The four newly identified de novo genes were reported to be expressed in human heart tissues33,34,35. However, the association between these genes and arrhythmia has not been investigated previously. SCNN1A encodes the alpha subunit of amiloride-sensitive sodium channels, which control fluid and electrolyte transportation. Mutations of this gene have been associated with sodium imbalance that may predispose the heart to life-threatening arrhythmia36. KCNJ16 (hKir5.1) is located at chromosome 17q23.1-24.2 and is separated by 34 kb from KCNJ2 (hKir2.1). When expressed in Xenopus oocytes, Kir5.1 is able to target the cell surface efficiently and form electrically silent channels together with Kir2.1. The interaction between them can inhibit the activity of the Kir2.1 channel in native cells, which has been associated with cardiac arrhythmia37. KCNB2 encodes a voltage-gated delayed rectifier potassium channel and was reported to contribute to the resting membrane potential in myocytes38. Mutated KCNB2 may result in arrhythmia due to unsteady resting membrane potential. KCNT1 encodes the sodium-activated potassium channel subunit (KCa4.1) and is similar in sequence to a calcium-activated potassium channel (SLACK)33,39,40. The intracellular C terminus of KCNT1 is regulated by protein kinase C via multiple phosphorylation sites. The p.Arg1106Gln alternation observed in BrS3 patients occurs within the C-terminal region of KCNT1, which is immediately adjacent to a nicotinamide adenine dinucleotide (NAD+)-binding site involved in the modulation of the channel33. Notably, the affected individuals with these mutations were identified with SCD, syncope, or seizure and showed spontaneous coved-type Brugada ECGs; all received resuscitation successfully.

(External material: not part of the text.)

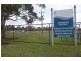 32 Tristania  Street, Doveton VIC 3177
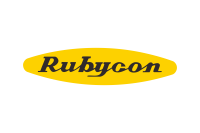 Rubycon america inc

There are certain limitations to our study. First, we performed disease-targeted multiple gene sequencing instead of whole exome sequencing. This may miss some possible BrS-associated mutations. However, the mutation rates in other non-ion channel associated genes are more likely to be very low because all BrS patients have abnormal 12-lead ECG clinically and most subtypes of BrS are essentially a disease involving ion channel dysfunction. Second, we did not perform in vitro or in vivo functional studies to demonstrate the pathological impacts of these newly identified genes on BrS. However, all identified de novo mutations are highly conserved in their amino acid residues and were neither detected in their ancestry-matched controls nor present in the variant databases. A previous study has also shown that utilizing multiple in silico analyses can facilitate identification of novel variants in BrS41. Because all mutations were predicted to be pathogenic or possibly pathogenic and are known to be expressed in human heart tissues33,34,35, these genes appear to be involved in the development of cardiac arrhythmia. Third, the NGS method is not capable of reliably identifying the structural variations associated with disease. This might have contributed to the identification of some BrS patients without ion channel-associated genetic mutations in this study.